Côté impair il ne reste qu'un long immeuble un peu pesant qui se termine avec son pan coupé sur la rue des Martyrs et qui porte gravée son année de construction : 1895.
Côté pair le 18, harmonieux avec une belle entrée ornée d'un macaron....
Le 20 porte la signature en partie effacée de son architecte et sa date de construction : E. Guigardet 1881. Cet architecte est très actif à Paris dans le dernier quart du XIXème siècle. On lui doit entre autres le 2 rue Belgrand, Place Gambetta, 227 boulevard voltaire...
Dans cet immeuble le fils de Camille Pissarro, Georges Manzana-Pissarro (1871-1961) eut pendant quelques années son atelier.
Evidemment influencé par son père et les nombreux artistes qu'il fréquentait il commença à peindre comme néo impressionniste.
Son engagement politique le rapprochait des libertaires.
Par une ironie du sort, il commence à avoir du succès avec ses toiles néo impressionnistes alors qu'au début du vingtième il s'en détachait et changeait de style.
Influencé par Gauguin et par l'art japonais, il crée un univers particulier, orientalisant.

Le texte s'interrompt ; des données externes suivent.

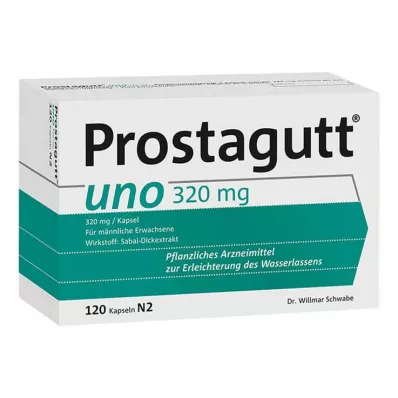 PROSTAGUTT Cápsulas uno, 120 unidades PROSTAGUTT Cápsulas uno, 120 unidades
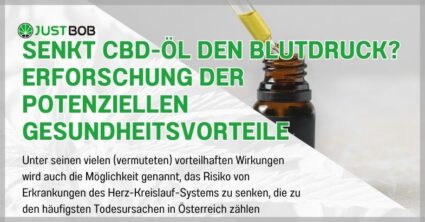 Senkt CBD-Öl den Blutdruck?
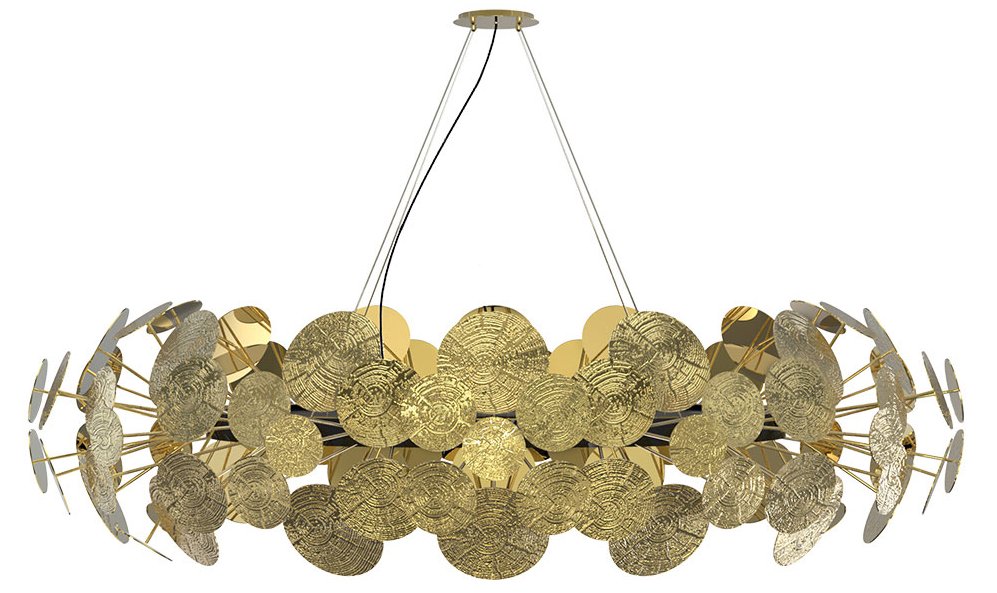 Люстра Newton Boca do Lobo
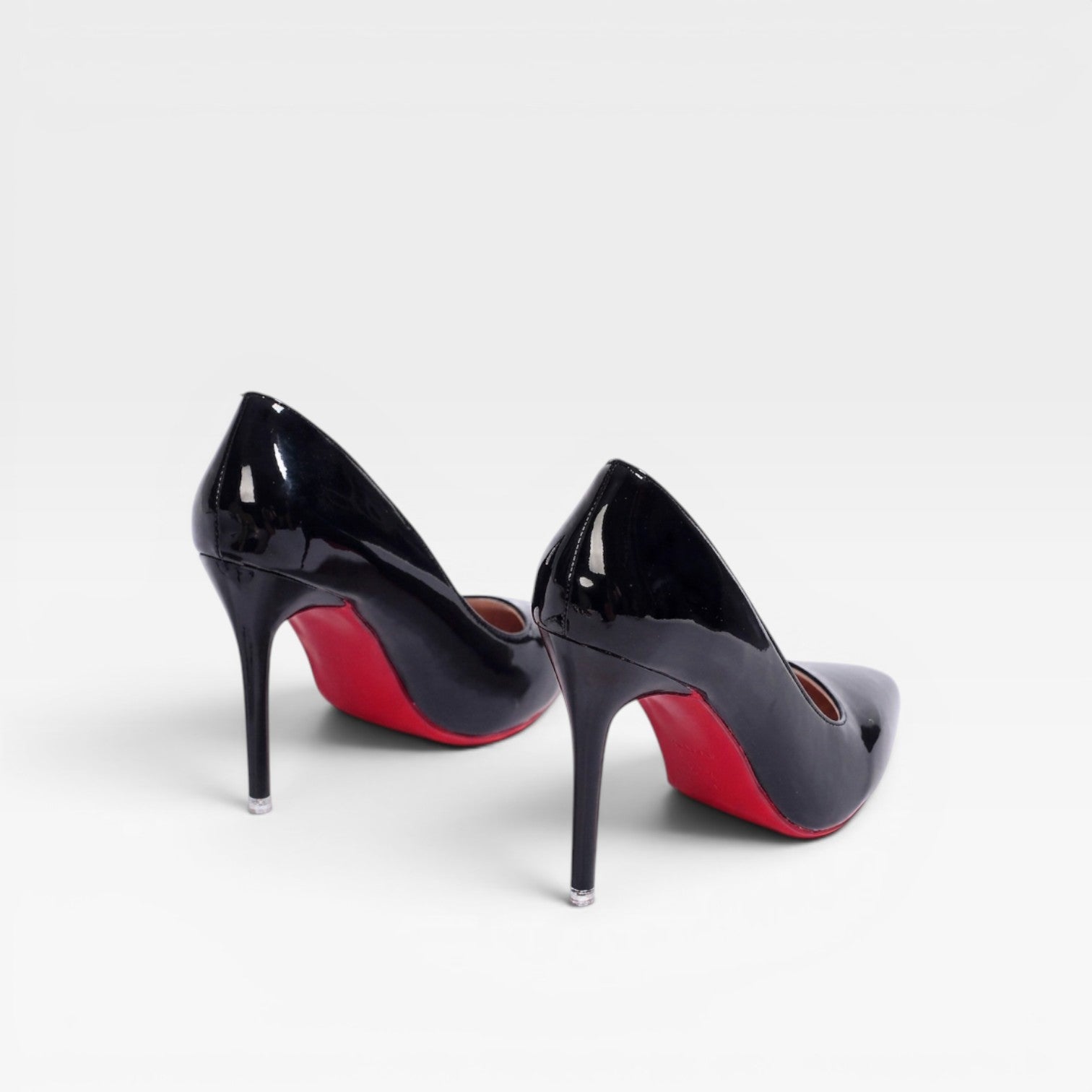 Women's Patent Pointed Toe Court Shoes – Classic Stiletto Heels for Occasions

Il s'intéresse aux objets, meubles, tapis, tapisseries, verreries. Cette partie de son oeuvre reste à redécouvrir.
Je ne résiste pas au plaisir de partager quelques unes de ses toiles où l'on peut rencontrer Matisse, Gauguin, les estampes japonaises dans un univers qui est pourtant bien à lui!

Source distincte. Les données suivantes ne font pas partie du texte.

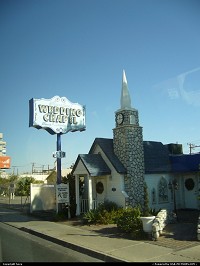 , Las Vegas, NV, Graceland Wedding Chapel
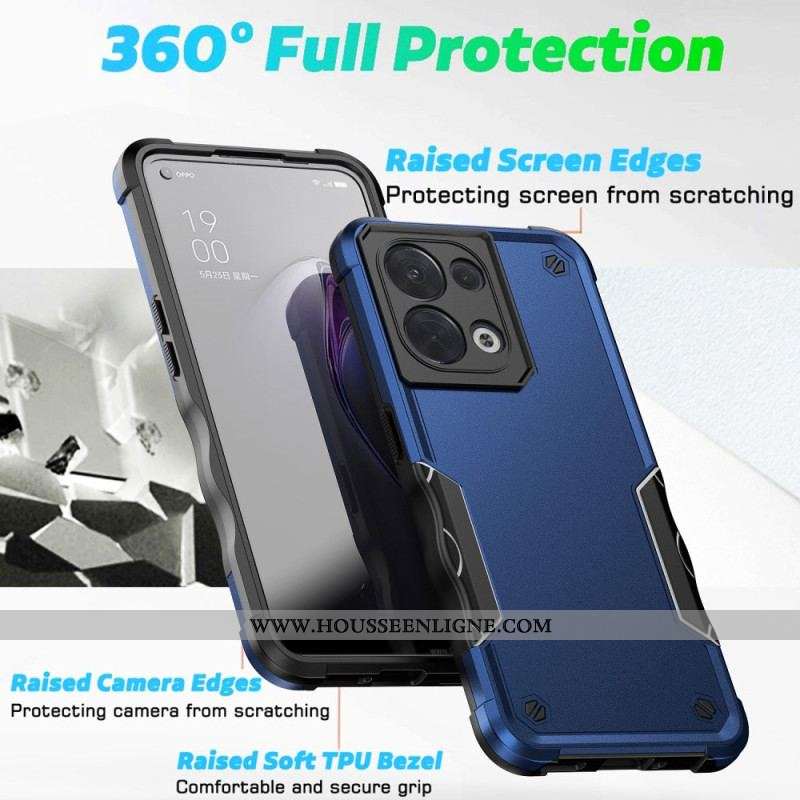 Coque Oppo Reno 8 Hybride Antidérapante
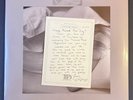 TAYLOR SWIFT Tortured Poets Dept. RARE RSD LETTER+PARCHMENT BEIGE VINYL 2xLP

Après de telles merveilles, nous passons vite devant l'immeuble de briques du 22 avant d'arriver devant le 24, dernier numéro pair de la rue dont l'adresse principale est rue des Martyrs.
C'est l'Ariel, bar tabac au décor d'ancienne brasserie avec comptoir de zinc, rendu célèbre par les Garçons bouchers, groupe rock alternatif :
"Dans la salle du bar tabac de la rue des Martyrs
Y a des vieux gars tatoués qui racontent leurs souvenirs..."
La rue Choron s'arrête là, rue des Martyrs, un peu penaude de n'avoir pas retenu tous les oiseaux flamboyants de Manzana-Pissarro pour mettre de la couleur dans le gris parisien!